For a detailed route breakdown see this link.





The view from the highest point we climbed to from Pollenca

*Route statistics*

*Distance* 42.360 km *Total Ascent* 714 m
*Lowest Point* 1 m (at 0.12 km) *Highest Point* 387 m (at 26.19 km)
*Uphill* 12.63 km(29.8%) *Downhill* 12.48 km (29.5%)
*Flat* 17.25 km(40.7%) *Max. Height Gain* 386 m

At the end I was so happy with everything we did and achieved. I was really pleased that my knees were able to cope with all the cycling so well and that they let me do so much. This was a real test after last year’s injury in my right knee (damaged cartilage) and I now know what I am capable of and where my limits are.

I really loved cycling in Mallorca and would return to conquer the other routes and see more of the island.

This post was originally published on Be Healthy Now blog.


----------



## steveindenmark (14 May 2015)

Thats an excellent write up, thanks for posting it.

The next time you go you will have to try Sa Collabra. It is a Real test of climbing and decending.

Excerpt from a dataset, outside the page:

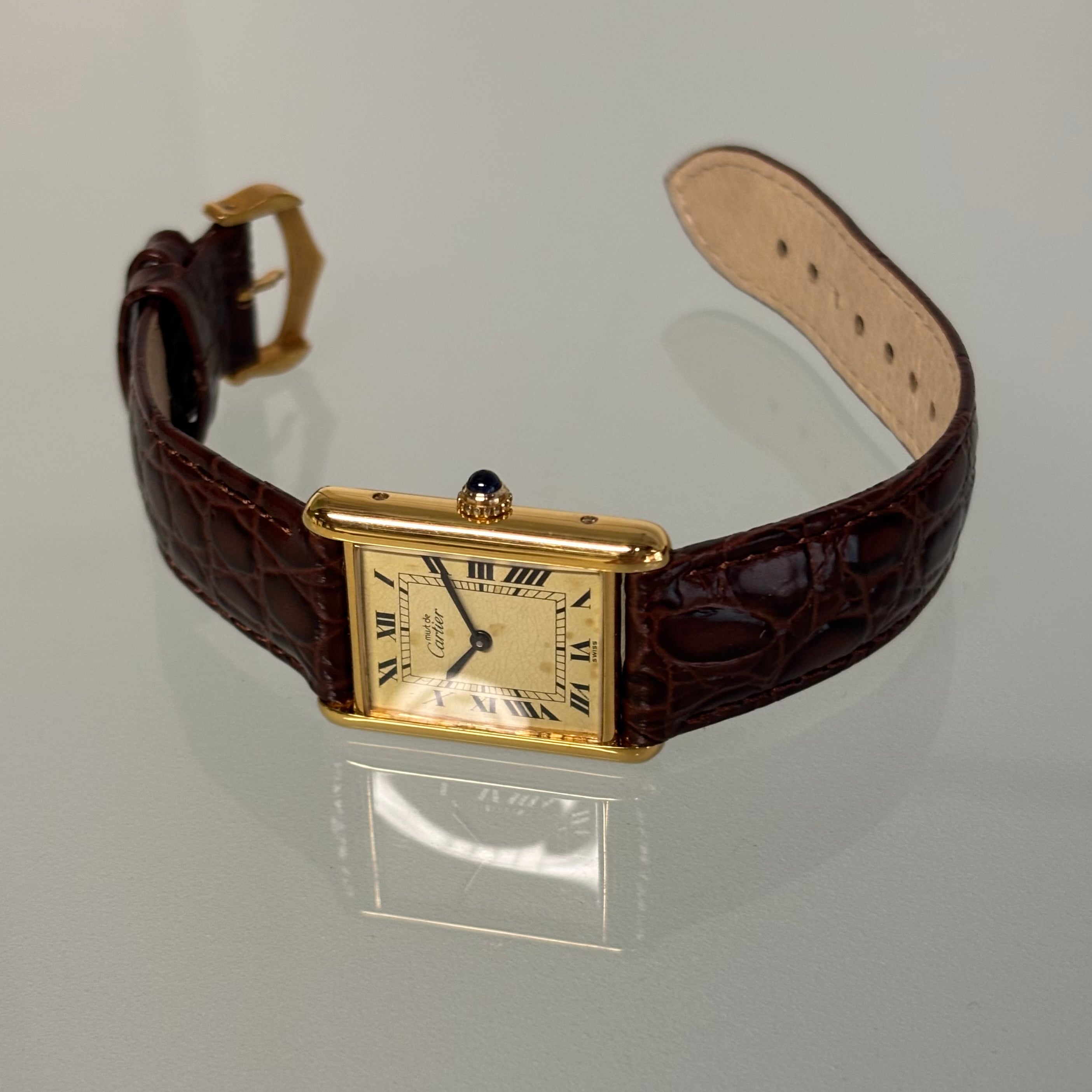 Cartier Tank GM with original buckle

I have been several times. The last time we hired 2 shopping bikes in Palma and rode 60kms. I think they had 3 gears but it was fun. I rode Formentor with my Koga World Traveller, which has 30 gears :0). I also thought the ride back was faster and easier.


----------



## BeHealthyNow (14 May 2015)

I am glad you liked it Steve! I haven't heard of Sa Collabra before but I am always up for the challenge and when I go back to Mallorca I will keep this in mind. So good to see you did the same ride to Cap de Formentor! I am planning to do more cycling this spring/summer so there will be more write ups like that on my blog in the future. What I really want to do this summer is conquer Vrsic Pass in Slovenia (this is where I come from). Have you heard of it before? It supposed to be quite a challenge..


----------



## arranandy (15 May 2015)

Good wee write up. I go to Mallorca twice a year for cycling and its my idea of cycling heaven. Next time you go try the ride up through Alaro and Orient before descending to Bunyola. Very scenic and not too steep a climb


----------



## BeHealthyNow (15 May 2015)

arranandy said:


> Good wee write up. I go to Mallorca twice a year for cycling and its my idea of cycling heaven. Next time you go try the ride up through Alaro and Orient before descending to Bunyola. Very scenic and not too steep a climb


Thanks for your suggestion! I will keep this in mind for next time! May I ask what time of the year do you go to Mallorca? I think beginning of May is a good time to go as the weather is not too hot (although still quite warm). I am thinking that beginning of October should also be fine?


----------



## steveindenmark (18 May 2015)

Spring is a good time as is from September onwards. I would think it could get very hot in the summer.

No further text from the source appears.